«Os fatores que podem provocar um aumento de preços são tendencialmente em número infinito. “Se qualquer destes fatores for acompanhado de um aumento da massa monetária, haverá inflação; se tal não acontecer, não poderemos imputar-lhe essa responsabilidade.”
O aumento da massa monetária, ou da moeda em circulação, é o combustível sem o qual o aumento dos preços não poderá ganhar sustentação, acabando por retroceder (com custos, evidentemente, em que não é possível descartar a desaceleração temporária do crescimento económico, no limite, a retração temporária do PIB e do próprio emprego). Ora, como todos sabemos, moeda em circulação é o que o Mundo tem mais, hoje em dia, num processo iniciado há vários anos e intensificado, em larga escala, com o surgimento da pandemia e o aumento das dívidas públicas, financiadas pelos bancos centrais.
A pandemia foi “a cereja em cima do bolo”. Ao mesmo tempo que contraiu a produção e a oferta de bens e serviços, fez aumentar a massa monetária. Durante algum tempo, os detentores desta massa monetária dispuseram-se a pagar (taxas de juro negativas) para continuarem a detê-la, não a gastando. Entenderam ter chegado o momento de começarem a gastá-la. Temos inflação.
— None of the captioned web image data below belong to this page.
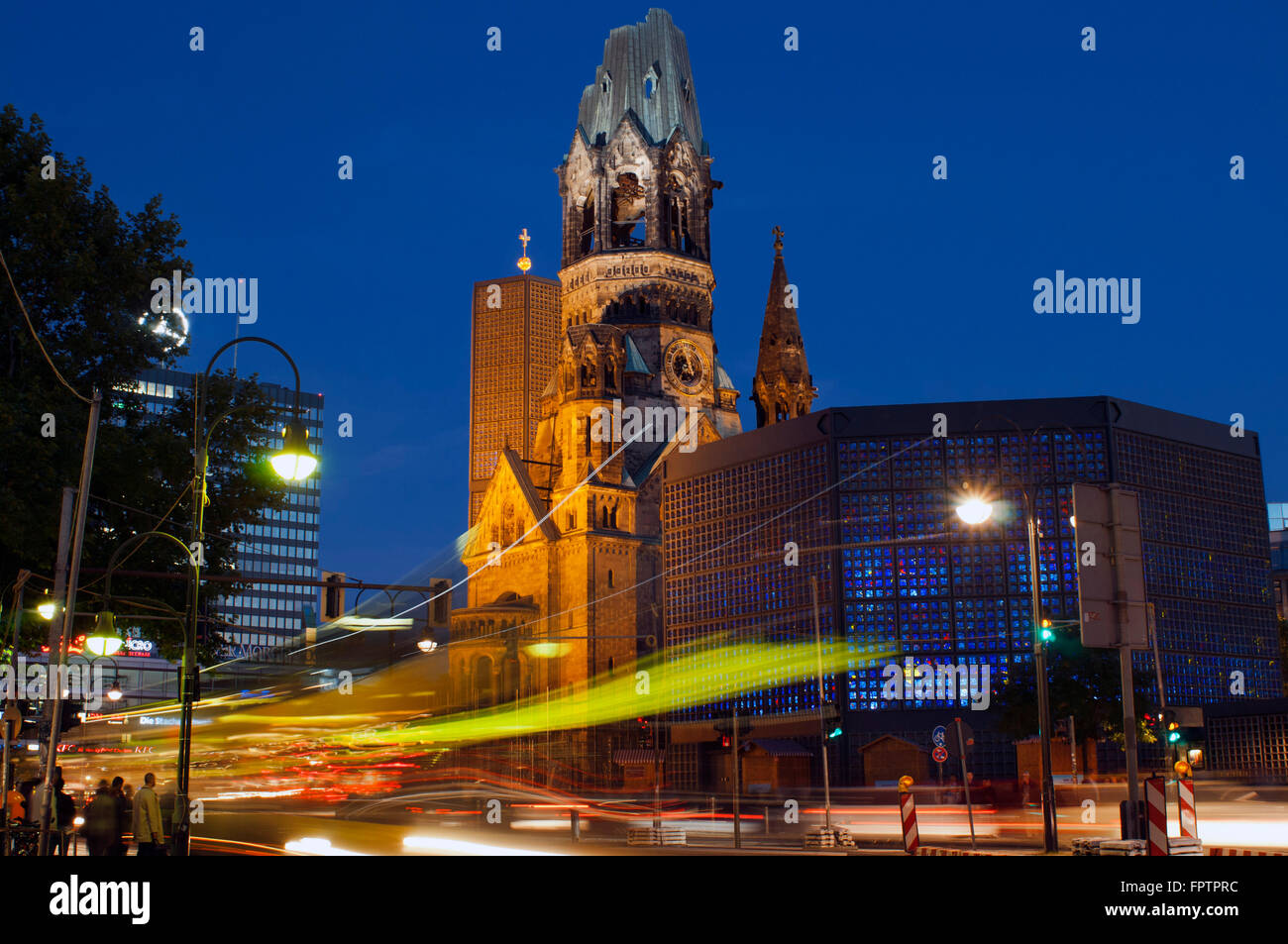 Allemagne, Berlin, Kaiser Wilhelm Memorial Church, au crépuscule. Le protestant de l'Église (en allemand : Kaiser-Wi Banque D'Images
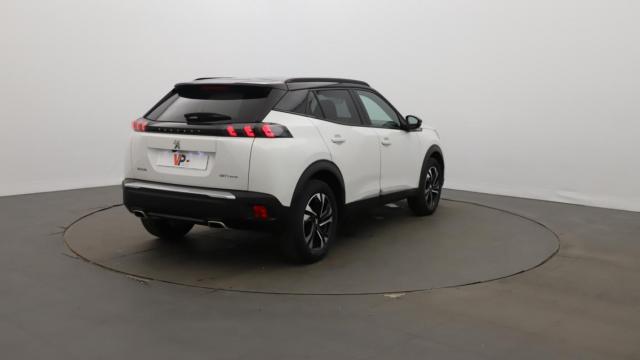 Peugeot 2008 image 2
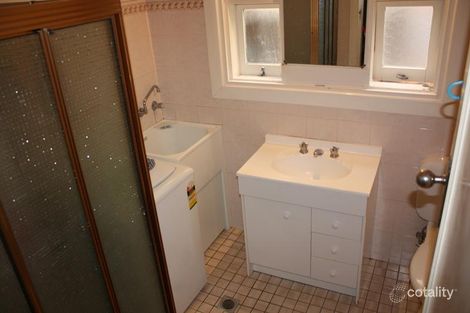 Property photo of 1/10-12 Olympic Street Griffith NSW 2680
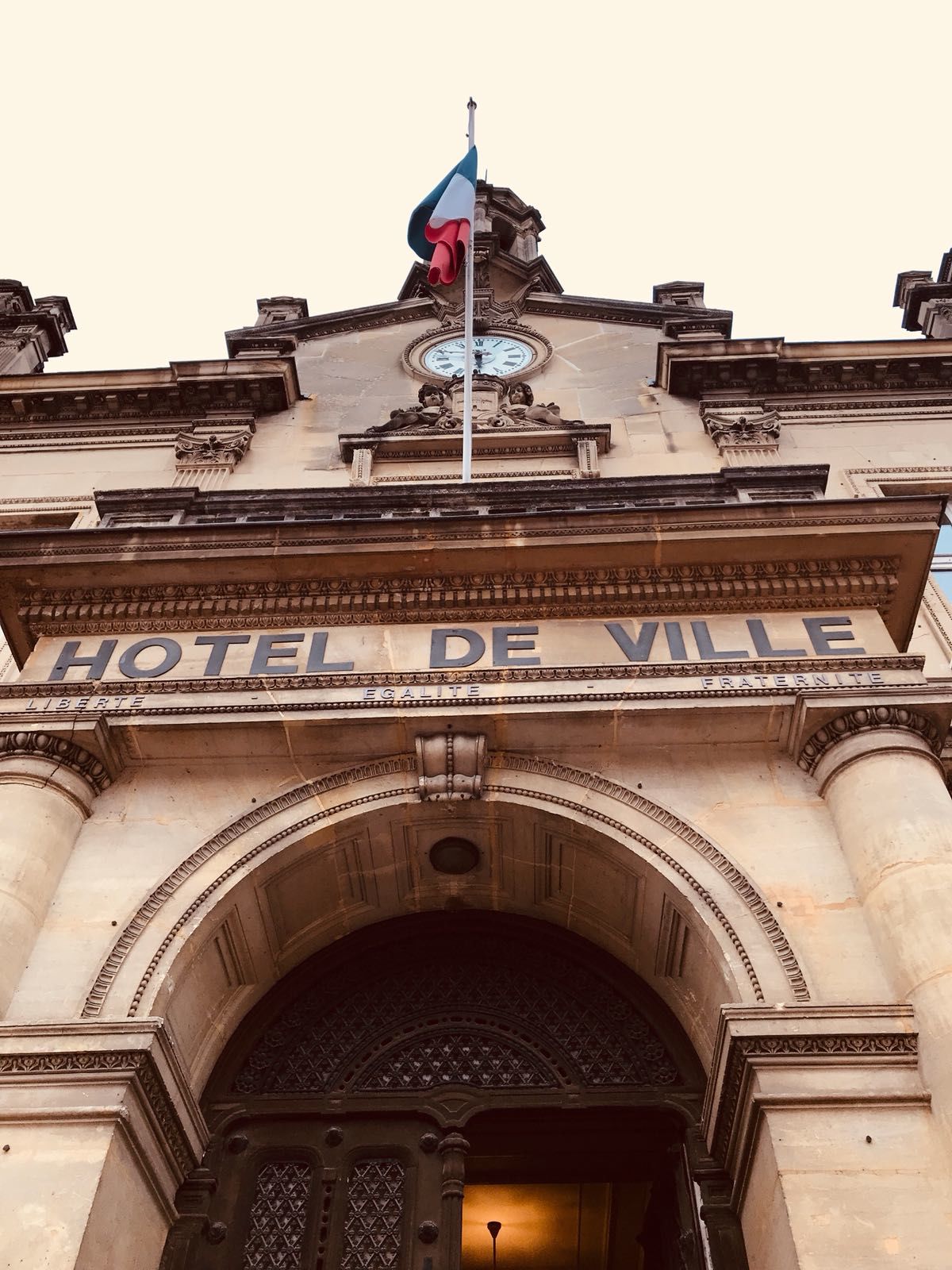 Vue sur l'entrée de l'Hôtel de Ville de Melun Vue sur l'entrée de l'Hôtel de Ville de Melun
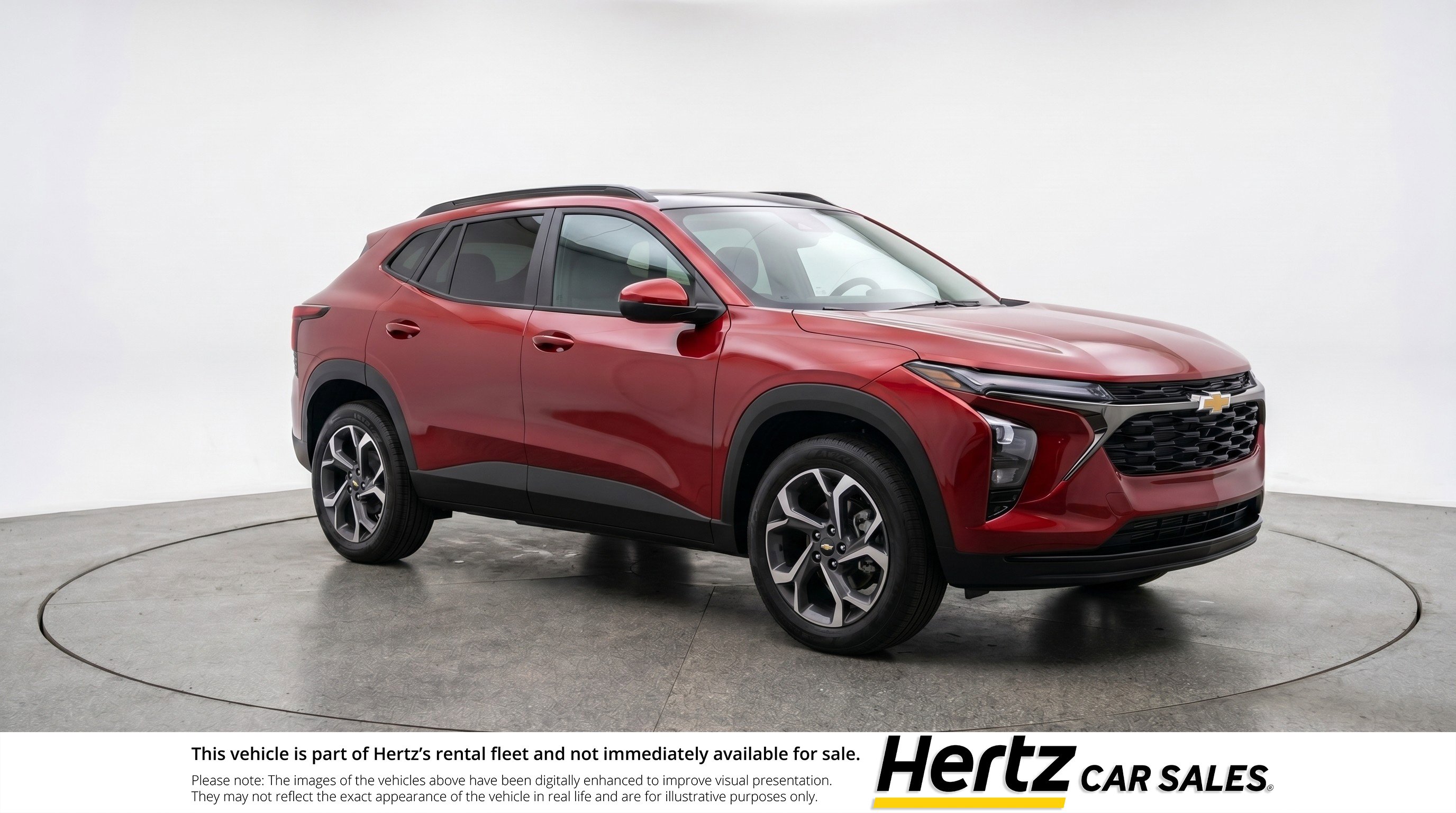 Used 2025 Chevrolet Trax LT FWD image 1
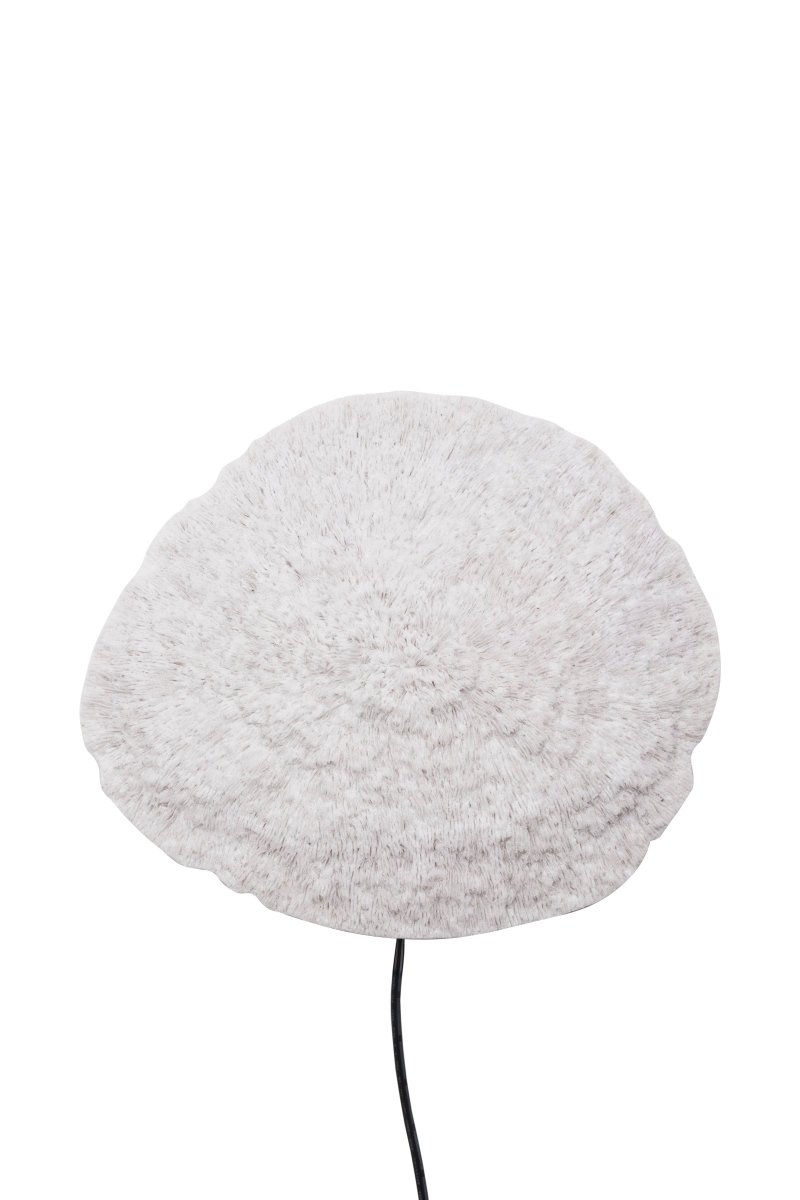 Nemo Blanc applique murale De Globen Lighting - La lampe est fabriquée en polyrésine blanche et en grès et dispose d'un câble noir de 200 cm de long avec un interrupteur.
Encontramo-nos num momento de grandes decisões. Dando curso à tendência habitual para nos sossegarem, e nos diminuírem, infantilizando-nos, a generalidade dos políticos, alguns governadores de bancos centrais incluídos, dizem-nos que o fenómeno é passageiro, não havendo razões para alarme. Não é verdade. Ou se inicia um processo de retração da massa monetária, começando por subir as taxas de juro, ou a inflação tornar-se-á imparável. Falta decidir, e agir, se a orientação vier a ser a de assegurar a estabilidade dos preços.
À nossa escala, num registo mais prosaico, tivemos uma manifestação exemplar desta “lei de ferro” da Economia. Acompanhou a adoção do salário mínimo em 1974 — implicando um aumento salarial considerabilíssimo, que um grande número de empresas nunca poderia acompanhar e de onde só poderia resultar o encerramento de muitas destas empresas, com consequente retração do produto e do emprego.
É por isso que a imposição do salário mínimo, em 1974, obrigou à publicação não de um mas de três diplomas legais, com poucos dias de distância entre eles. O primeiro decretou o salário mínimo. O segundo decretou que, quando uma empresa não tivesse tesouraria para pagar o salário mínimo, os bancos eram obrigados a financiá-la. O terceiro decretou que, quando os bancos não tivessem tesouraria para proceder a este financiamento, o banco central era obrigado a refinanciá-los. O Banco de Portugal foi obrigado a financiar os bancos, emitindo moeda, para que estes pudessem financiar as empresas, para que estas pudessem pagar o salário mínimo decretado pelo Governo... Sem estes três diplomas, “a maionese não teria prendido” e o salário mínimo teria acabado num decréscimo mais acentuado do PIB do que acabou por ocorrer em 1974 e 1975 e num ainda maior aumento do desemprego.
Não houve desemprego mas houve inflação, reduzindo o salário mínimo, em termos reais, ao que a economia portuguesa podia comportar, nesse momento. A realidade acaba sempre por se impor.»